陆海统筹强调将陆域和海洋两个相对独立的区域联系起来,统一规划和整体设计,综合考虑二者的经济、生态、文化、社会功能。基于我国陆海统筹的战略、陆海机构改革的契机,联通陆地与海洋,贯通陆地污染治理和海洋生态保护,构建河口流域、陆地土壤和海岛海岸带等多环境主体的全面整体治理结构机制,以国家的政策法规、地方政府的公共权力、公众的认知文化、科研的力量技术作为控制参量,调整可持续发展的整体治理方案,建立陆海联动的现代化生态环境协同治理体系及治理能力。以沿岸流域和近岸海域生态环境质量改善为核心,建立综合集成的流域、土壤和海洋生态管理模式,推动流域、海域问题的协同解决,实现多生态环境协同治理的有效性、高效性和优质性。
坚持海洋生态环境与陆地流域整治同步规划、同步实施。

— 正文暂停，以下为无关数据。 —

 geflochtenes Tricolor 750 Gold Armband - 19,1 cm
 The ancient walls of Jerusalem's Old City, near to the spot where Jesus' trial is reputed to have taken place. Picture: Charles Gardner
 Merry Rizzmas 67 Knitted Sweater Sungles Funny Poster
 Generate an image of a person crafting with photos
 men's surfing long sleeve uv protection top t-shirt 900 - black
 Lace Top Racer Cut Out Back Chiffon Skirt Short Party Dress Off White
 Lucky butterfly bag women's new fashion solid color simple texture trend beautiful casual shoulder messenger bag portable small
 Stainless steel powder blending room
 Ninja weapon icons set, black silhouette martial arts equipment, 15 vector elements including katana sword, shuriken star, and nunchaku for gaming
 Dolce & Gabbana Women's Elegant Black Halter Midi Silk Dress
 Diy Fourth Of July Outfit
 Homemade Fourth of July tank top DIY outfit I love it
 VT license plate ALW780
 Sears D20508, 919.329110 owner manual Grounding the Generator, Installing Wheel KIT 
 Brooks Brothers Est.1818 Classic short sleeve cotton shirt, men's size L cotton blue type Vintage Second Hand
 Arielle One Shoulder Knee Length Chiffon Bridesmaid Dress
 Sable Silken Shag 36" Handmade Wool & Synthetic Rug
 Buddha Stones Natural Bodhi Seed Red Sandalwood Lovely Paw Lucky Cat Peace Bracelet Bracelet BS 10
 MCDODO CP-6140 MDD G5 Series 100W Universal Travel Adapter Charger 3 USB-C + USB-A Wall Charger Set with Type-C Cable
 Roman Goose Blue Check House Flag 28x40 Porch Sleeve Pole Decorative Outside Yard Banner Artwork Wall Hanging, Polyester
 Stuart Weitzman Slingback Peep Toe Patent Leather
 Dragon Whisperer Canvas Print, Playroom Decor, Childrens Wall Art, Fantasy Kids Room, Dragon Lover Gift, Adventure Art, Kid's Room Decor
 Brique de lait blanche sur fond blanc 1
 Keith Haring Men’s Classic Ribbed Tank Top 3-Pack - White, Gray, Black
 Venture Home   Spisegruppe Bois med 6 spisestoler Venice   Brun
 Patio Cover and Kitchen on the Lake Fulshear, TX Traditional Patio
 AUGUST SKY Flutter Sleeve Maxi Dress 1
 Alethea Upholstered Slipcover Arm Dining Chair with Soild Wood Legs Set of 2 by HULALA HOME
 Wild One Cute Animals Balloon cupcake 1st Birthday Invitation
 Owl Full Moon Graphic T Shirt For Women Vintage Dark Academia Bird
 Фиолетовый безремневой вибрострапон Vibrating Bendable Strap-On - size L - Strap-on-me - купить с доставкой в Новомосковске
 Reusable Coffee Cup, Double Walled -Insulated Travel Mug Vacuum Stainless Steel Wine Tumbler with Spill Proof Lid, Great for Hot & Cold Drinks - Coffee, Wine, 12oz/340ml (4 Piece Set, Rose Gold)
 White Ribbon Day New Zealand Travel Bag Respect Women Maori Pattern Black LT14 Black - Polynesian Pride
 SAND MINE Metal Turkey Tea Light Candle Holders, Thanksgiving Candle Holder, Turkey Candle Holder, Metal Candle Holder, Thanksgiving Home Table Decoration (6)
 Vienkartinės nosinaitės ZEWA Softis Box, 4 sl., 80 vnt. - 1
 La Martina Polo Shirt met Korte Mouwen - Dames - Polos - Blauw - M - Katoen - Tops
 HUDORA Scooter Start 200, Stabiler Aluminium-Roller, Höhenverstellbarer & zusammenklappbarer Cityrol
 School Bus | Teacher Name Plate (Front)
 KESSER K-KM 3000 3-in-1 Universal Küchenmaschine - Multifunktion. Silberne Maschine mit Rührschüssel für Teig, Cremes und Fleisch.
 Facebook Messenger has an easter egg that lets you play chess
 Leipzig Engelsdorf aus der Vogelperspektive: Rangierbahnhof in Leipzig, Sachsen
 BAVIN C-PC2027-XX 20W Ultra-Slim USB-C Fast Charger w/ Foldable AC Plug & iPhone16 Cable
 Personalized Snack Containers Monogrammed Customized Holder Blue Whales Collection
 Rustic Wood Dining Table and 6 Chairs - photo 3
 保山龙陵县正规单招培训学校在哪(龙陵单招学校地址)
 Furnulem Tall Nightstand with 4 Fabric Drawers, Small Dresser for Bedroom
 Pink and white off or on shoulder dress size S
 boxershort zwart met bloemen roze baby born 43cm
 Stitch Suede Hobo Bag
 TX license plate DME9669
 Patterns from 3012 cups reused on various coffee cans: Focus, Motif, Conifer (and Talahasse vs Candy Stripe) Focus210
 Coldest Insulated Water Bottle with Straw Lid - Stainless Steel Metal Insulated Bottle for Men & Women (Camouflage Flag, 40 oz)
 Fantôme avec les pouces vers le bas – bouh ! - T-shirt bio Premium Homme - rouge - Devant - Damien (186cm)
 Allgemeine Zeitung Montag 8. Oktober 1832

因此建议,生态修复项目在立项之初应加强规划引导,应形成以陆促海、以海带陆、海陆统筹的海陆统筹生态修复整体空间格局,完善顶层设计,深入开展本地生态系统调查,科学评估生态损害状况,针对性规划本地生态修复对策,科学编制海洋生态修复规划,突出多区域科学修复,将分析充分、工程可行性较高的区域,尽快研究修复对策,申请纳入国家级、省级修复项目库。
全国各地各类型的生态修复工程持续开展,为了避免投入大量修复资金而不见修复成效的尴尬局面,应在海洋生态修复项目实施过程中主动探索开展适应性管理,进一步提高修复工程质量和效益;加强海洋生态修复技术的标准化制度建设,构建长期监测-保护修复-效果评估系统化的海洋生态修复技术标准体系,制定或引用科学的海洋生态受损分析、问题诊断、修复实施、跟踪监测和成效评估等关键技术标准,为开展海洋生态保护修复项目过程中有抓手;出台统一的海洋整治修复工程验收办法,制定海洋生态修复验收规范,明确验收组织、对象、要求和程序等,提高验收效率;完善专业性和针对性的海洋修复工程评价标准体系,监督海洋生态修复项目的进程。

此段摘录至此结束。